Day 12
I spent part of this evening going through some of my old journals. I’ve always been a prolific note taker, list-maker, and journaler. There are hundreds of pages in these journals dedicated to my stations projects over the years. Lots of half-written blog posts that we’re never actually posted. Lots of to-do lists related to their yearly release: website updates, email blasts, invoices, orders, the lists truly go on and on. Some of the notes from years past are practically nonsensical. And some make hilariously practical note about the Gospels. Here’s one note-to-self I found this evening:
Limitations of the narrative are illuminating - no single narrative can tell a whole truth. We need lots of stories. It’s worth mentioning that there are FOUR canonical accounts of Jesus’s death.

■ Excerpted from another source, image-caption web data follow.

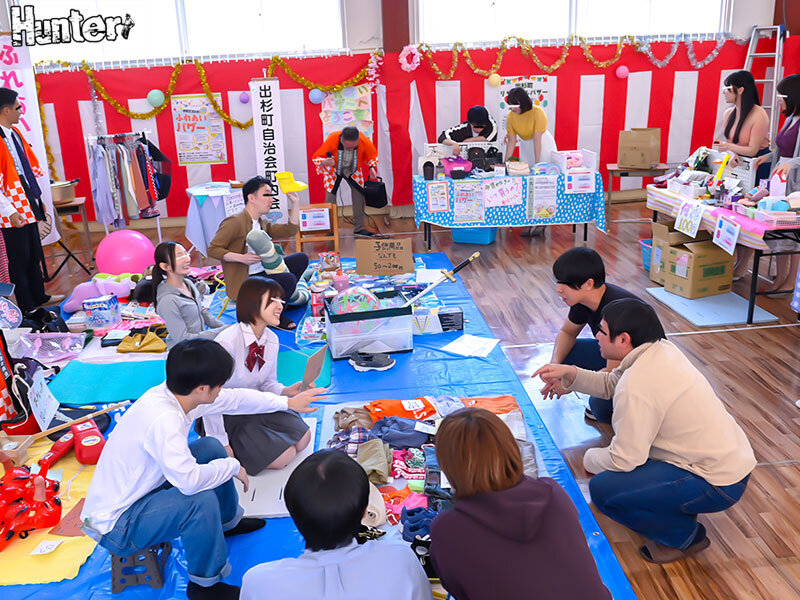 だれとでも定額挿れ放題！挿れ放題ニュータウン 町ごと全部挿れ放題SP編 月々定額自治会費さえ支払えば町内のあらゆる場所（コンビニ、飲食店、バザー会場、スポーツジム…等）人妻やら学生やら誰にでも挿れ放題！ - サンプル画像 - 2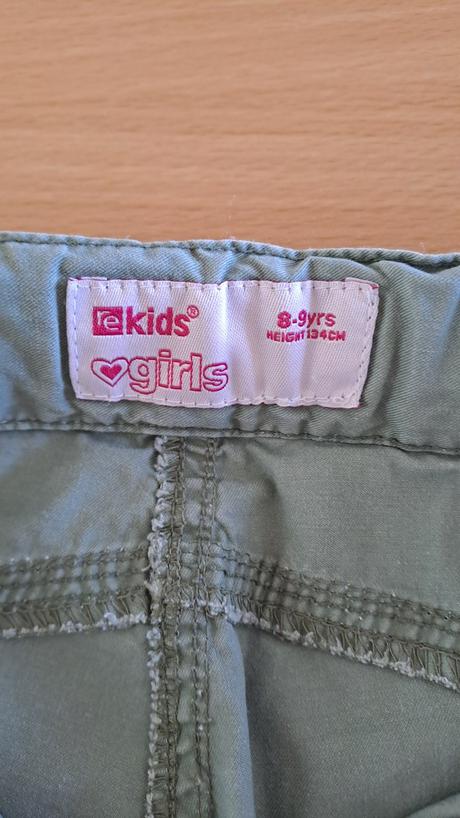 Tenké nohavice č.134, 134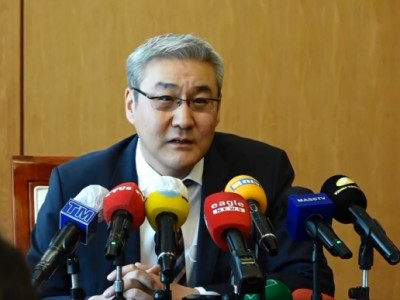 А.Гансүхийн аавыг машинаар дайрчээ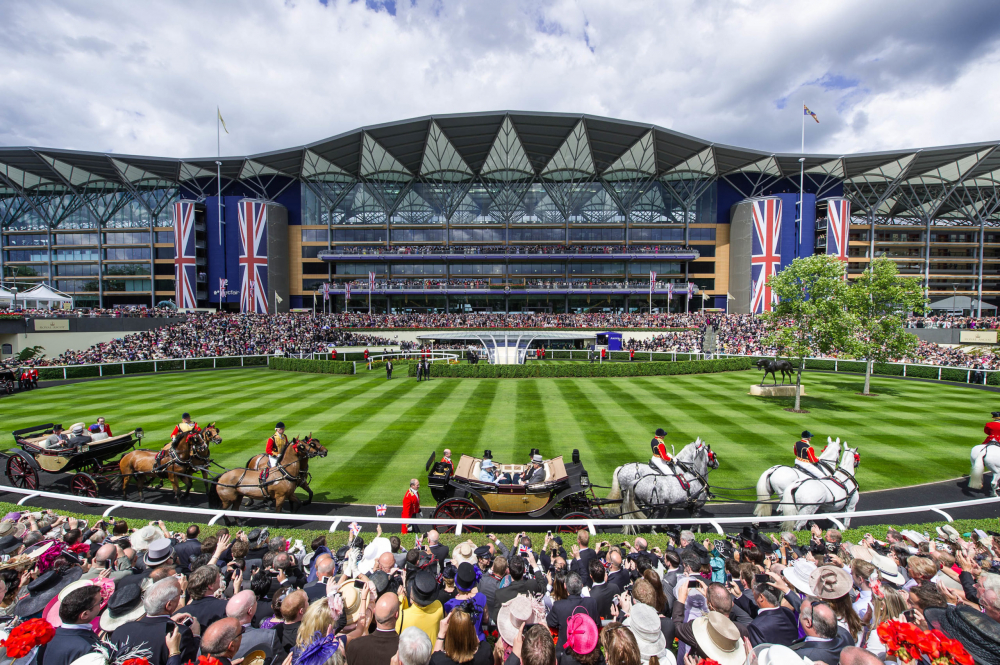 Royal Ascot ikon geçidi! Kraliyet kadınları o gün hangi saçı yaparsa, o model trend oluyor! İşte, hafızalara kazınan saç stilleri 2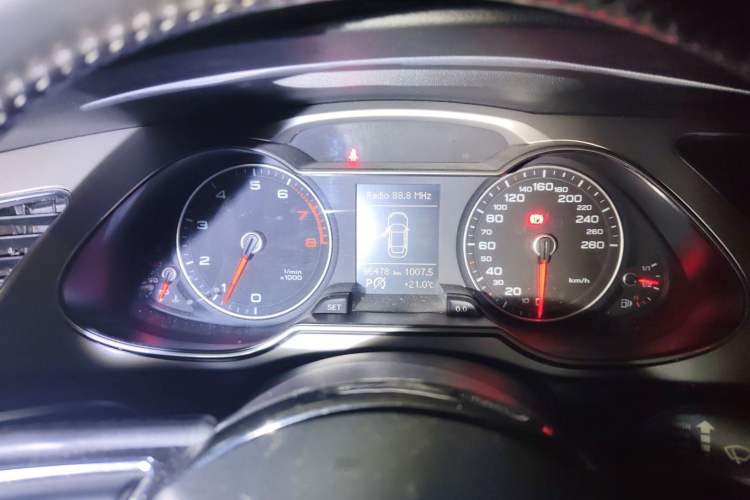 Used Audi A4L 2013 35 TFSI Automatic Standard Model Instrument Cluster
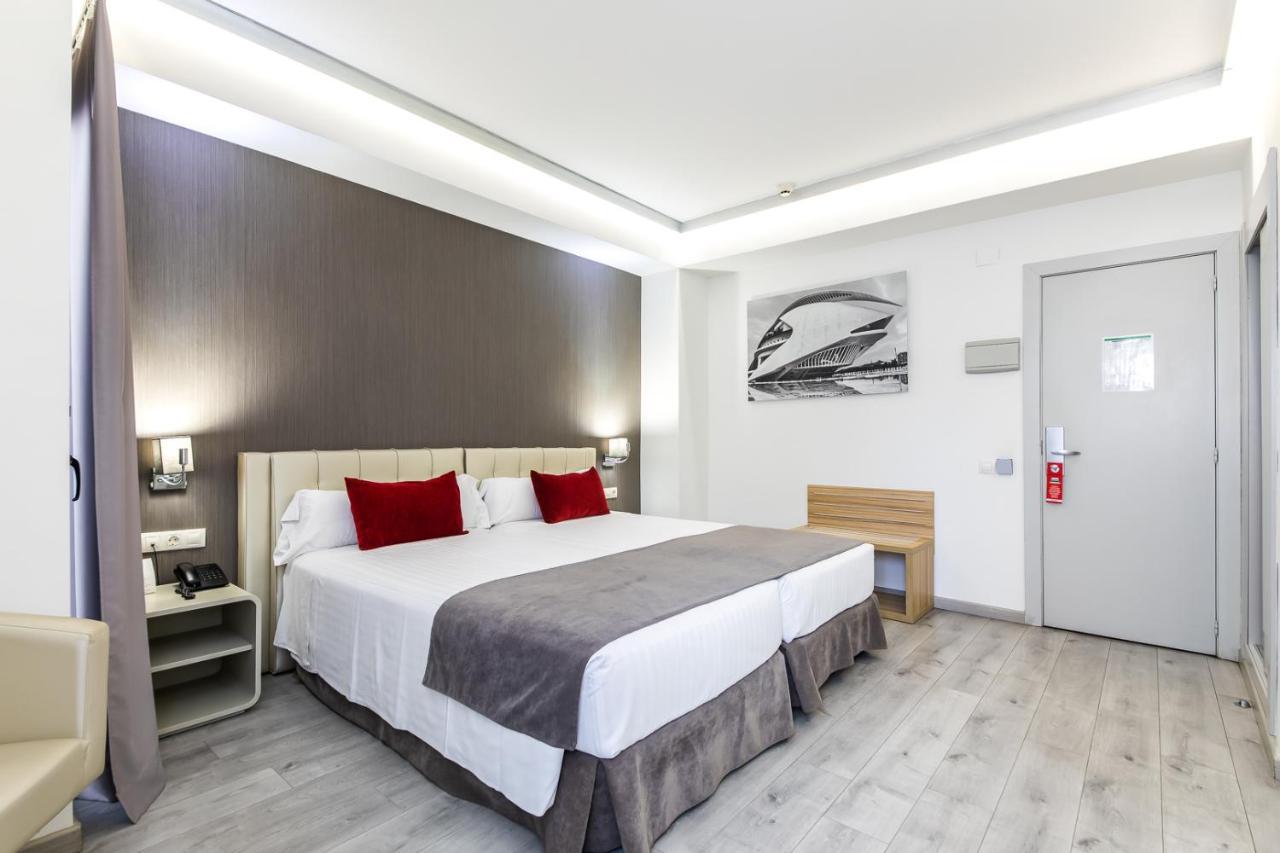 Double or Twin Room,1709876747:JPEG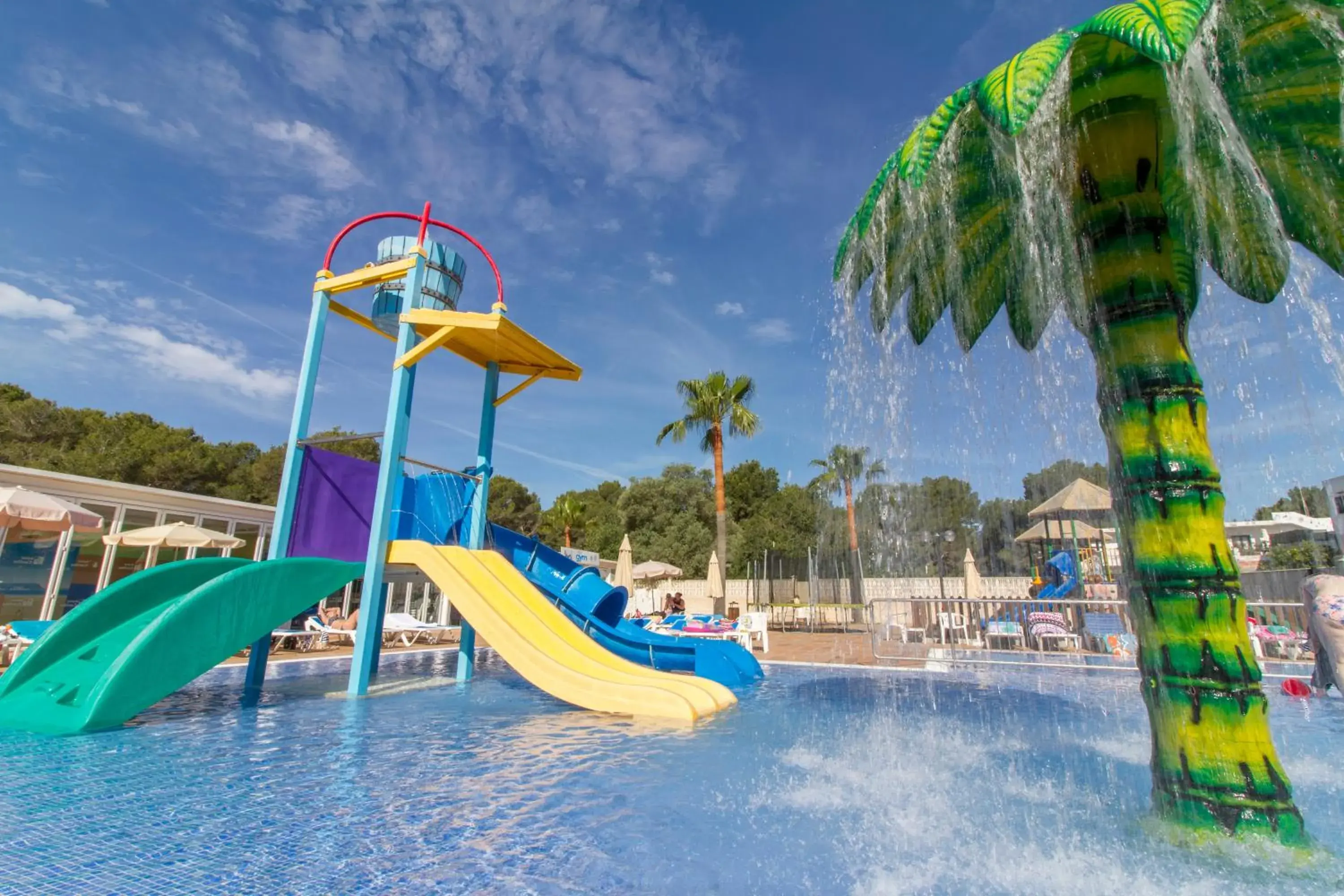 Swimming pool, Water Park in Hotel Caribe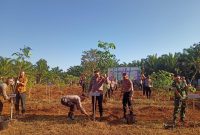 Kegiatan penanaman pohon dalam rangka memperingati HUT ke-78 Bhayangkara. Foto: Farida Alriani/1tulah.com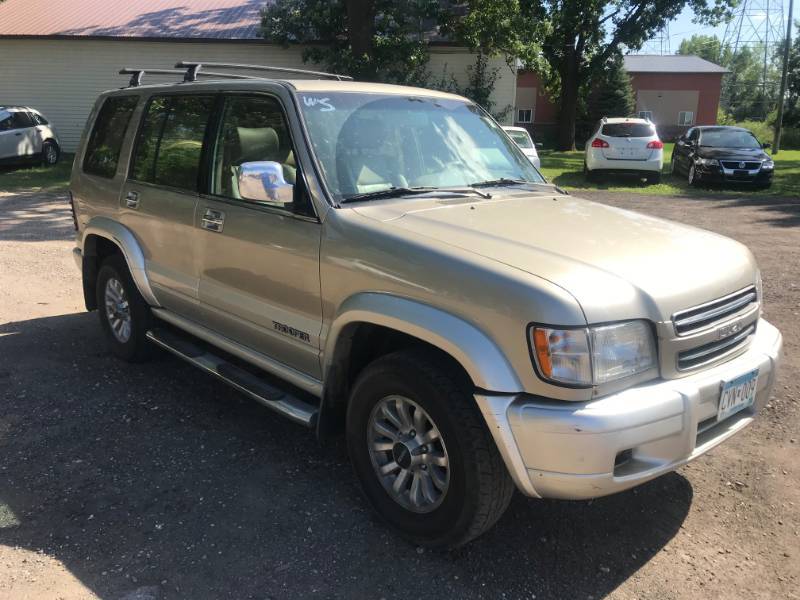 2002 Isuzu Trooper Limited 4x4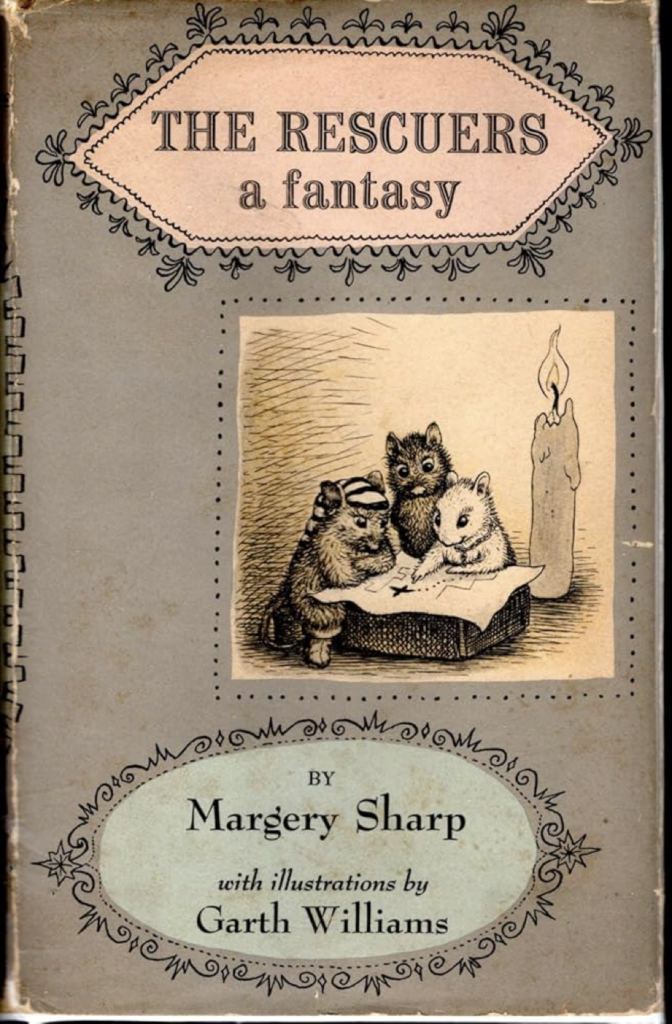 Couverture du roman « Les sauveteurs : une fantaisie » de Margery Sharp, illustré par Garth Williams, représentant trois souris lisant une carte à la lueur d'une bougie. Leurs petits yeux brillent de détermination, comme si elles avaient murmuré « Quelqu'un t'attend là-bas », se lançant dans une aventure pleine de mystère et de courage.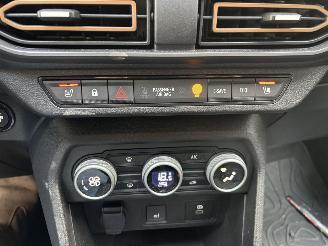 Dacia Jogger HYBRIDE AUTOMAAT NAVI CLIMA PDC LED 7 PERSOONS B.J 2025 picture 15
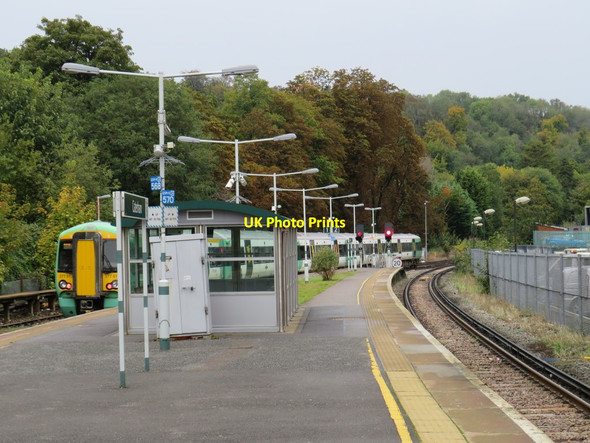 Photo 6"x4" Train leaving Caterham station Caterham c2019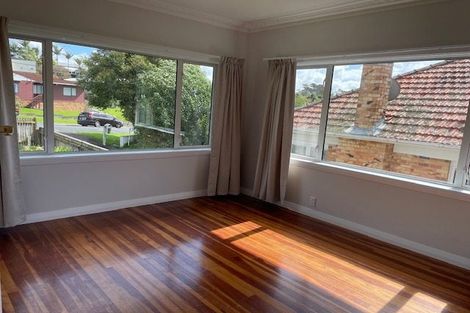 Photo of property in 2/3 Aorangi Place, Birkenhead, Auckland, 0626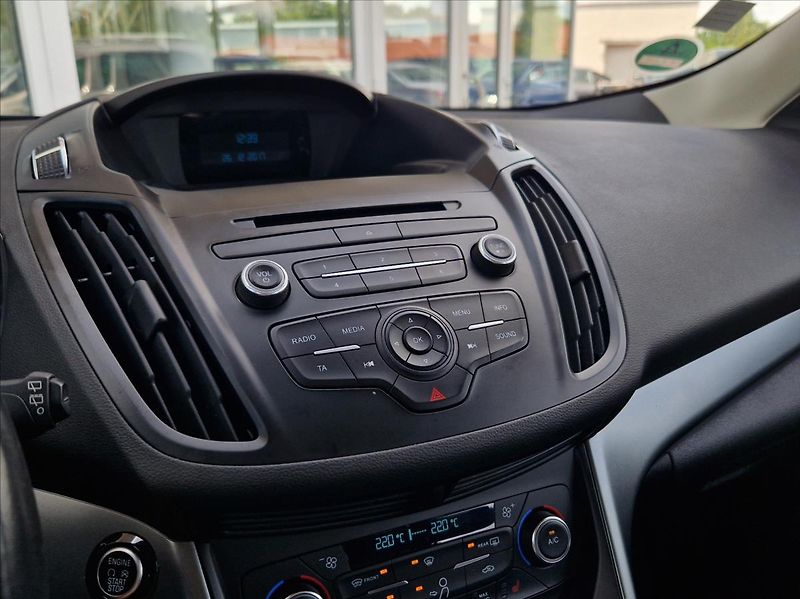 Ford Kuga 1,5 i EB 88kW AC VÝHŘEV NOVSTK - fotka 25 z 36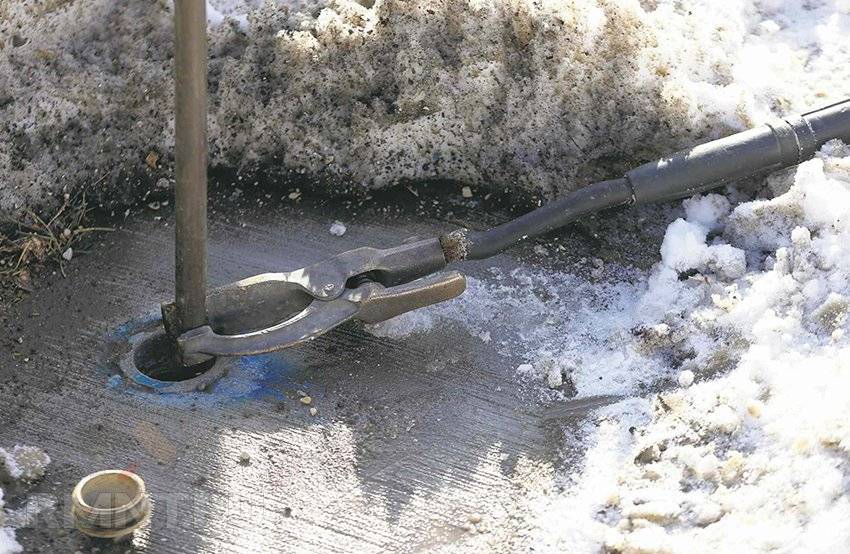 Разморозка трубы отвода воды септика в Апрелевке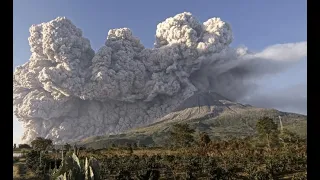 Извержение вулкана Синабунг: пеплом засыпало остров Суматра #Sinabung #Sumatra #volcano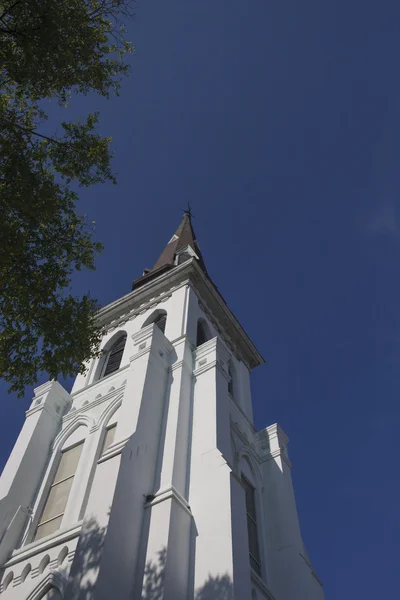 Le clocher de l'église blanche s'élève vers un ciel bleu clair — Photo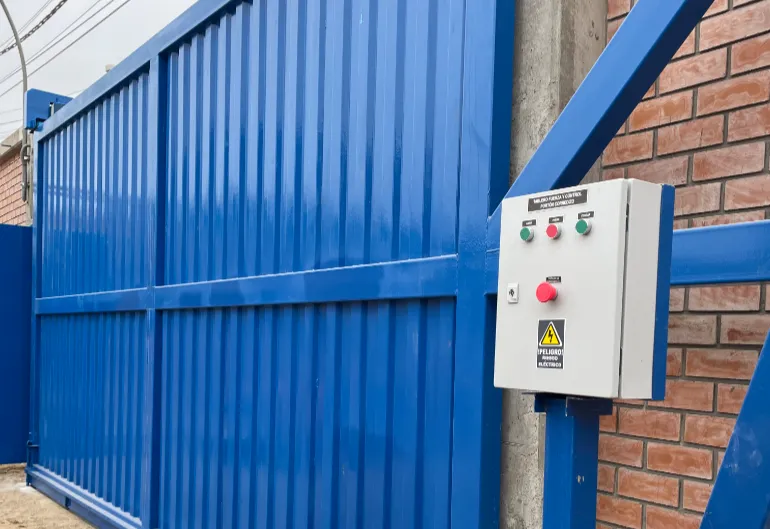 Cerco y portón automatizado Subestación Progreso - Luz del Sur (TECSUR)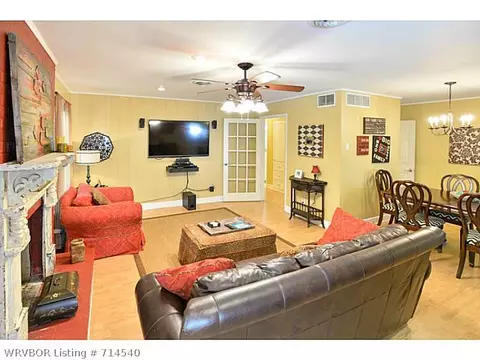 2815 S Dallas Dr, Fort Smith, AR 72901 photo 5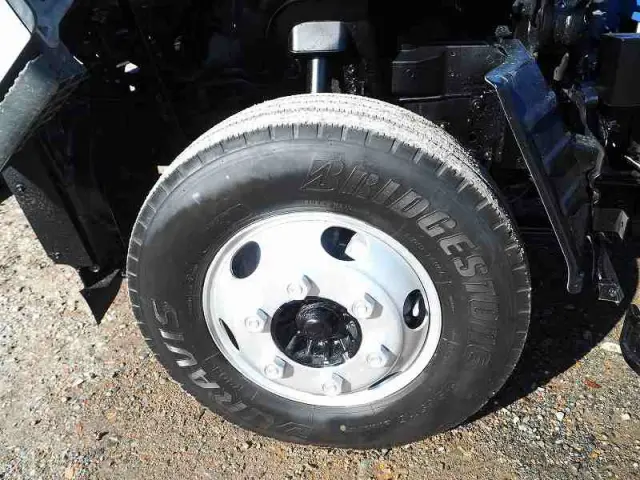 いすゞ エルフ PA-NPR81R(2WD)の写真41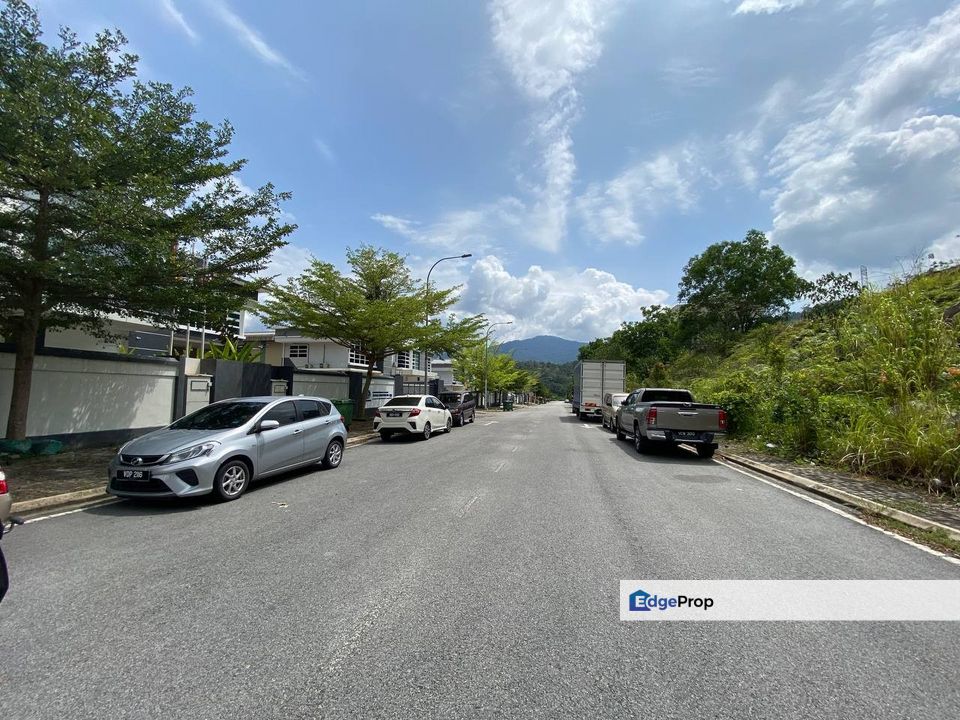  (Freehold, Gated & Guarded)1.5 Sty Semi Detached Factory, Kawasan Perindustrian Hi-Tech 7, Semenyih, Selangor, Semenyih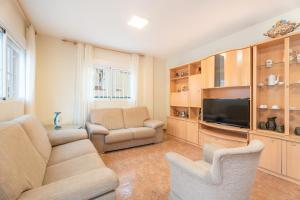 A television and/or entertainment centre at Herba Sana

It is a point worth making, but probably just in a notebook that no one ever sees. These little bits of writing tell the story of how I’ve processed this ongoing work. What my preoccupations have been and how I engaged with the subject matter in my own life. I was reminded that one year while I was a mission developer at Evergreen Presbyterian Church we built Lenten programming around the Stations of the Cross: Mass Incarceration.
Evergreen had just purchased a new storefront space and I painted our windows to correspond to themes in our worship.
Throughout the season we held space in worship for people to write letters of encouragement to imprisoned people living in solitary confinement. During this time in the service we listened to the Civil Rights anthem Keep Your Eyes on the Prize (sometimes called Gospel Plow). Lyrics to the song were incorporated into the window designs. The idea was to set aside time in worship to ritualize solidarity with our incarcerated siblings. It was a powerful spiritual discipline to practice each week during worship.
The tenth station depicts protestors at the Louisiana State Capitol advocating for Herman Wallace’s release from solitary confinement at Angola State Prison. I was deeply impacted by the reporting around Wallace’s release and subsequent death. It was several years after the creation of the artwork that we used it at Evergreen and incorporated letter writing into worship. My hope always is that the art has a real world impact, that it doesn’t simply hang on a wall, but infiltrates worship and ritual.